We went round and round the houses on this same issue, and eventually brought most of our possessions and furniture with us. We did have a clear-out, sold quite a lot of stuff and gave a lot of stuff away to charities. The financial implications were that our door to door shipping cost us just over £2000, but are we not glad that we did decide to bring our things with us. It is very comforting to sleep in your own bed, sit on your own sofa and eat off your own crockery. We looked at a number of furnished properties, and the quality of the furniture was not great. In fact our villa was furnished, we moved in before our stuff arrived and then the landlord moved out what we did not want. Everyone is different but it is great to be surrounded by your own possessions.

There are seemingly endless furnished and unfurnished properties available for rent, so you will she spoilt for choice. And, as has been mentioned, the replacement cost here in Cyprus may be quite expensive.


----------



## Guest (Apr 26, 2013)

For us there were no discussion. We are a little what you see in the things you have bought through the years. So our stuff will come here when we have finally settled

Anders


----------



## malcb123 (Oct 20, 2012)

We moved over in March this year, to a rental property, it was furnished, and depending on the furnishing may put the costs up for the rental, but as always you find it has not got what we want and have left it at home ready, so out we went too buy, like duvets, because we was unprepared for the winter. We sold our house back in England, we also sold the things my wife didn't want or need on eBay, the rest we had placed it in an international storage company, ready for when we find the property we want, as my wife wanted her personal things around. So we have to go out and buy a substitute ready for when we arrange delivery.


----------



## thejohn32 (Feb 6, 2010)

Think we might still book a small container and there is still some stuff we want to bring. And I am sure the list will grow as we get closer. 

At this rate i can see everything getting packed "just incase". She has already said she would like to take fridge freezer. Oh and washing machine. Oh and out flat screen tv. But I am allowed to sell the tumble dryer!!!

I can see a battle of the wills coming on soon.


----------



## PatandDave (Jul 15, 2012)

Our worldly goods are safely packed away in a 40ft container, waiting to be shipped....I think the 40ft container speaks for itself!  I should add that the car will go in the back of the container as well and I didn't bring the kitchen sink!!


----------



## thejohn32 (Feb 6, 2010)

Wow. 40ft. You sure you not sneaked the sink in there. How long does it take from them shutting the container doors till you getting it at the other end?


----------



## PatandDave (Jul 15, 2012)

thejohn32 said:


> Wow. 40ft. You sure you not sneaked the sink in there. How long does it take from them shutting the container doors till you getting it at the other end?

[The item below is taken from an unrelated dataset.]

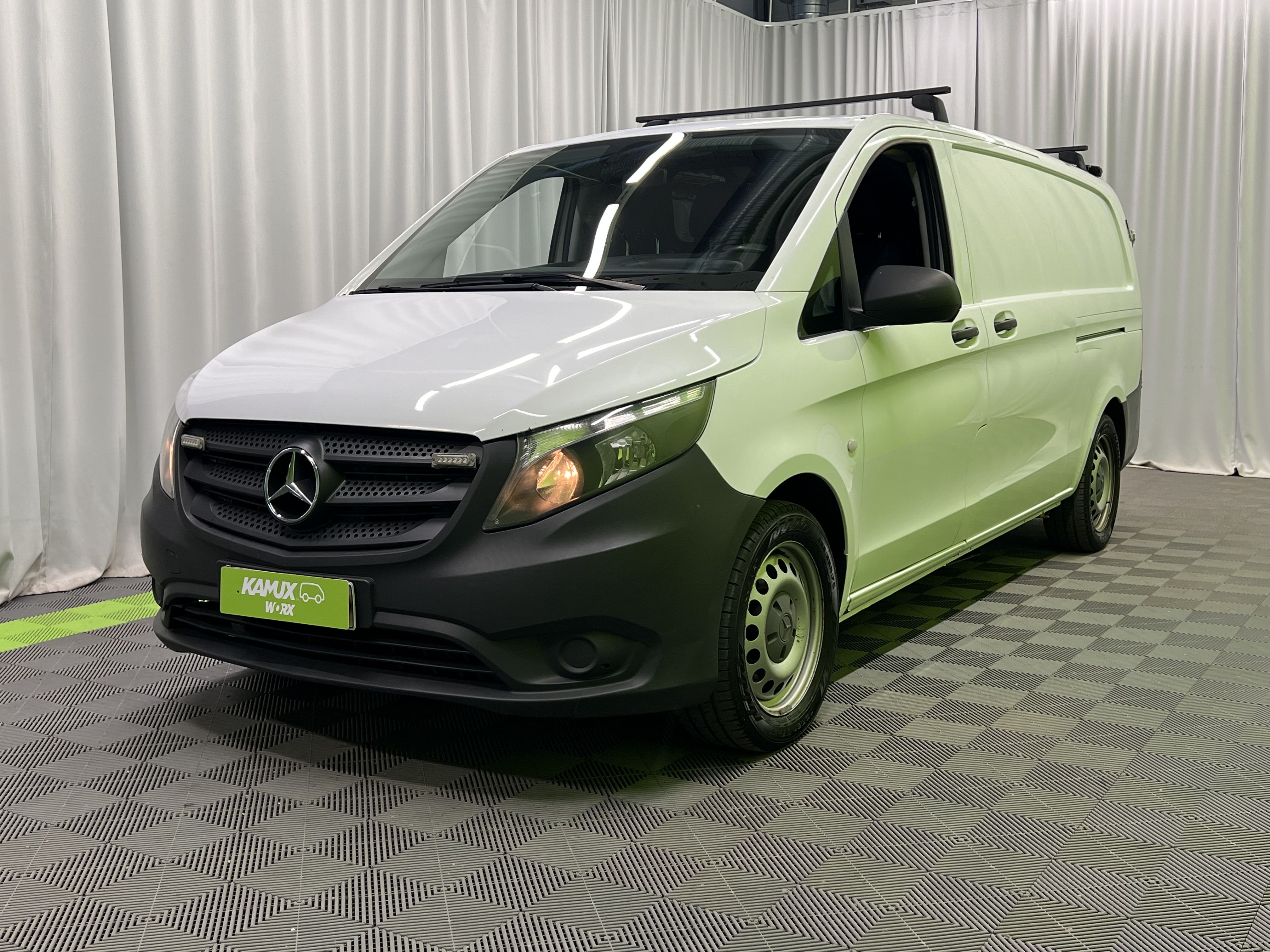 Mercedes-Benz Vito 2018, kuva 6/24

Our car goes to the depot on 10th May and put in the container with our furniture, which will be shipped on the 13th. We have been assured it will arrive in Limassol on 7th June! :clap2:


----------



## PeteandSylv (Sep 24, 2008)

thejohn32 said:


> Think we might still book a small container and there is still some stuff we want to bring. And I am sure the list will grow as we get closer.
> 
> At this rate i can see everything getting packed "just incase". She has already said she would like to take fridge freezer. Oh and washing machine. Oh and out flat screen tv. But I am allowed to sell the tumble dryer!!!
> 
> I can see a battle of the wills coming on soon.

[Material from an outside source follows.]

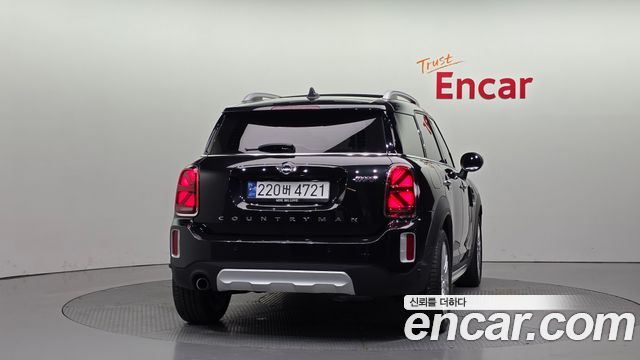 Mini Countryman 2023 — photo 4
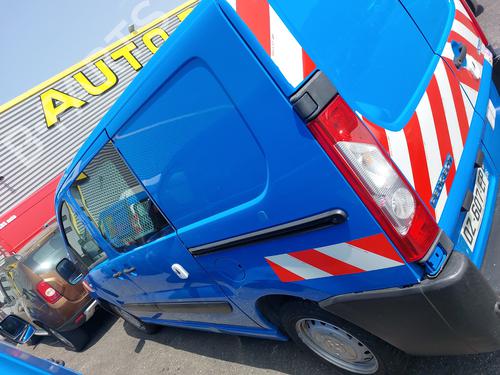 Front right window mechanism PEUGEOT EXPERT Van (VF3A_, VF3U_, VF3X_) 2.0 HDi 130 | BP28367252C23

Do check that the specification of your fridge freezer is heavy duty enough for this climate. If your TV is relatively new it should be OK but the recent terrestrial change to digital here caused problems with older TV's. It all depends if you need terrestrial (We don't at all) or are receiving via internet, satellite etc. You can well do without a tumble dryer here which would cost a fortune to run on our electricity prices.

Pete


----------



## decorator (Oct 6, 2012)

thejohn32 said:


> Wow. 40ft. You sure you not sneaked the sink in there. How long does it take from them shutting the container doors till you getting it at the other end?


morning
may i ask how much a 40foot container is and do they pack away your car and motorbikes.do they deliver the container to your house then pack your furniture as well.
we have aplace in tala and are coming in 3 weeks for a month to arrange a few things then hopefully move this year as my house is the last thing to sell.
thankg 
graham


----------



## thejohn32 (Feb 6, 2010)

I have no idea, not got that far yet, still 7 months out. Maybe Patand Dave can answer better, or another person in that process just now.

however if you go to the link on here called Moving quotes 

International Moving Quotes From Removals Companies | Expat Forum

fill in your details and you will be inundated with companies giving you quotes

Rgds


----------



## decorator (Oct 6, 2012)

oops sorry that was meant for patanddave .


----------